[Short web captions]
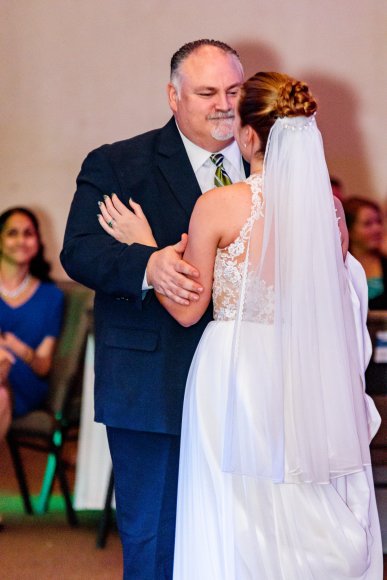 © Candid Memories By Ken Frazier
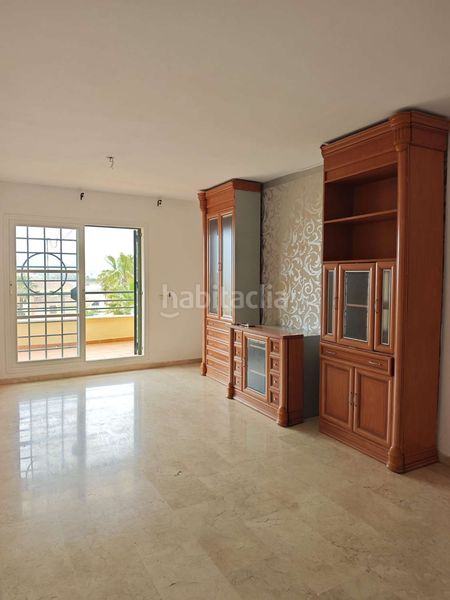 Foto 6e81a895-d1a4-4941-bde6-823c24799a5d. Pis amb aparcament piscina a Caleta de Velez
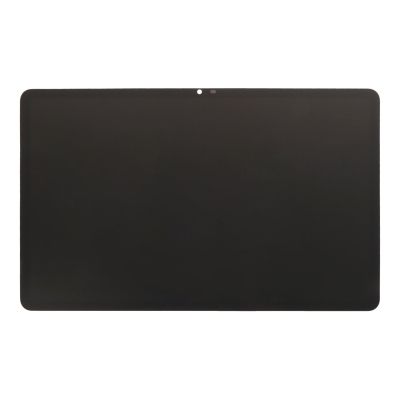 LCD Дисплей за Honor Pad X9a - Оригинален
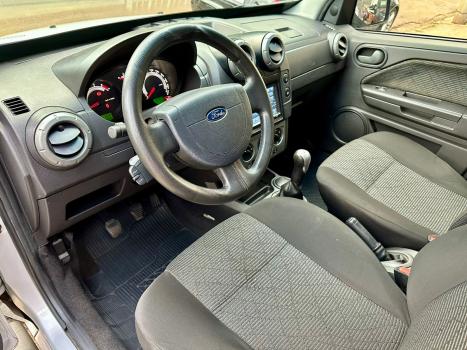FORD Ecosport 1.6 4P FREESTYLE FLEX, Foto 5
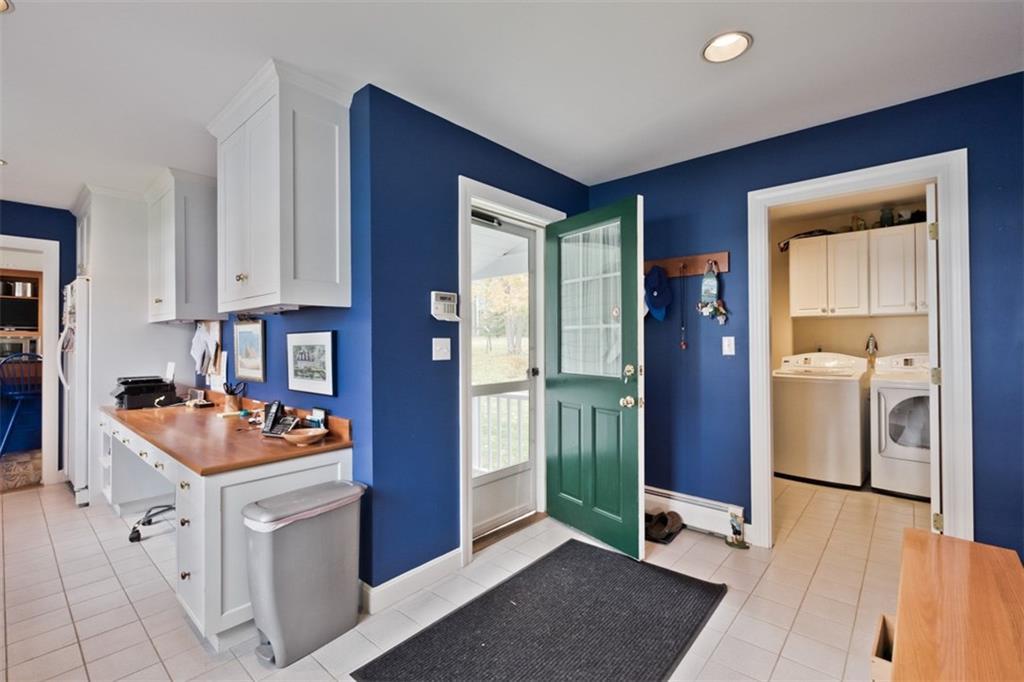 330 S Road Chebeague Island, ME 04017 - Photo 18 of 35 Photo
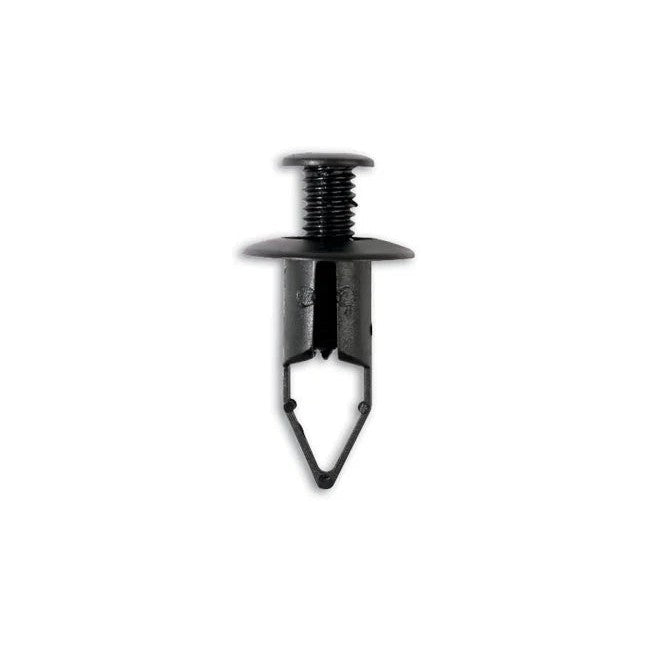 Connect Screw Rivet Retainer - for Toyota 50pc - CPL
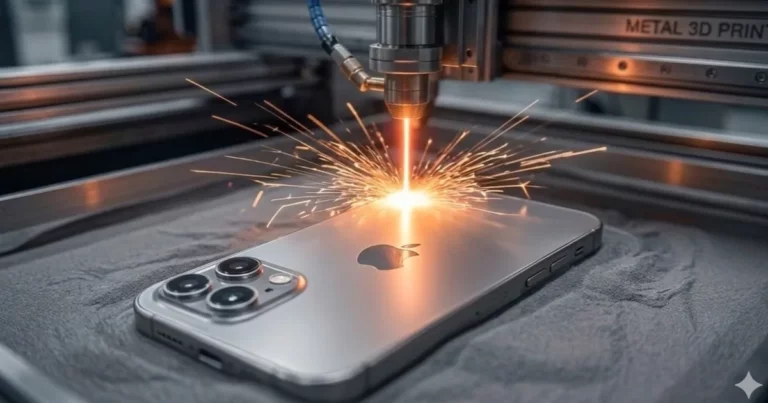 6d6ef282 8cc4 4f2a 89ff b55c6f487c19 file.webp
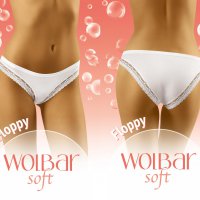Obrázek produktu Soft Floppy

• _Assignment_:
Nothing but the lines from the one containing "6d6ef282 8cc4 4f2a" through the final line of the entries above should be given again, each exactly as written; omit the pictures.

• _Solution for this exercise_:
 6d6ef282 8cc4 4f2a 89ff b55c6f487c19 file.webp
Obrázek produktu Soft Floppy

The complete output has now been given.